If you are an owner of private business, you can say "I'm paying myself 1 million and the rest of you 50K". That's fair. You put your money on the line and do whatever you want.

For a corporation, the CEO says "I'm paying myself 20 million and the rest of you 50K. The board of directors approved it". Who are these people? Did they put the money on the line and started this business? No. So who are the owners? Mostly 401K and some big investors? No one is accountable?

The board of directors are generally shareholders, and are selected by the shareholders.
 

DriveInDriveOut

Inordinately Right
Jan 6 committee coming down hard on your boy
You watching this DIDO got a bad feeling Orangeman going down
Repubs could have participated they chose not to
20221215_215038.jpg
 

Babagounj

Strength through joy
Jan 6 committee coming down hard on your boy
A 1,000 page report, most will only read the headlines.
Meanwhile GOP 'shadow group' has focused its attention on the actions of Capitol Police's 'negligence,' trying to give an alternative narrative for the 2021 attack on the Capitol building.
 

Yolo

Well-Known Member
Most of the people at the top were born at the top. CEOs rarely work their way up from the mail room to the board room. They started in the board room. Their daddy was a CEO of some fortune 500 company. He makes some calls and daddy's little boy is on the board of UPS. It's all one big circle jerk and you are not invited.
 

MECH-lift

Union Brother ✊🧔 RPCD
Most of the people at the top were born at the top. CEOs rarely work their way up from the mail room to the board room. They started in the board room. Their daddy was a CEO of some fortune 500 company. He makes some calls and daddy's little boy is on the board of UPS. It's all one big circle jerk and you are not invited.
Don’t forget free office lunch with the corporate card everyday
🧔‍♂️✊
 

JL 0513

Well-Known Member
Most of the people at the top were born at the top. CEOs rarely work their way up from the mail room to the board room. They started in the board room. Their daddy was a CEO of some fortune 500 company. He makes some calls and daddy's little boy is on the board of UPS. It's all one big circle jerk and you are not invited.
99.9% of CEOs are the 1st in their family. Try again.
 

JL 0513

Well-Known Member
I'm going to start with saying "life is not fair and deal with it". OK. With that said, when did we invent the concept of "upper management".

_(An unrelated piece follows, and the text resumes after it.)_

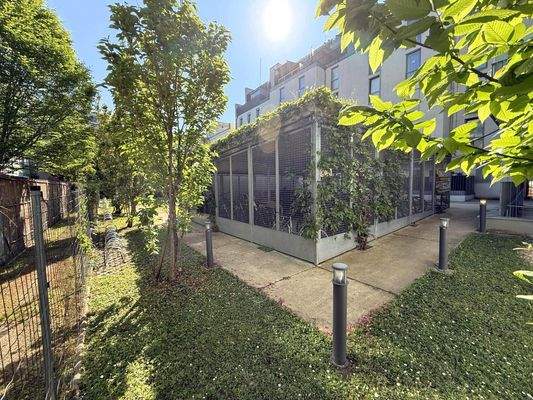 Innenhof / Fahrradabstellkäfig ( 1 von 2 )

If you are an owner of private business, you can say "I'm paying myself 1 million and the rest of you 50K". That's fair. You put your money on the line and do whatever you want.

For a corporation, the CEO says "I'm paying myself 20 million and the rest of you 50K. The board of directors approved it". Who are these people? Did they put the money on the line and started this business? No. So who are the owners? Mostly 401K and some big investors? No one is accountable?
CEO's make what they make because companies have to compete for the limited amount of people that have what it takes to run a major corporation. Not because the work itself is worth 10's of millions a year. Just like the best pro athletes aren't worth $20-$50M a year to play a game, but there's so few of the best that teams pay what it takes to acquire them.